### Dataset section:
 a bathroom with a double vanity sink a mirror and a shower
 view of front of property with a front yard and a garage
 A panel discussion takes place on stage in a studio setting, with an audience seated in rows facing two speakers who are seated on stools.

### Directions for this task:
Each line from the one containing "view of front" through the end of the material must be output exactly, and no other line.

### Solved exercise:
 view of front of property with a front yard and a garage
 A panel discussion takes place on stage in a studio setting, with an audience seated in rows facing two speakers who are seated on stools.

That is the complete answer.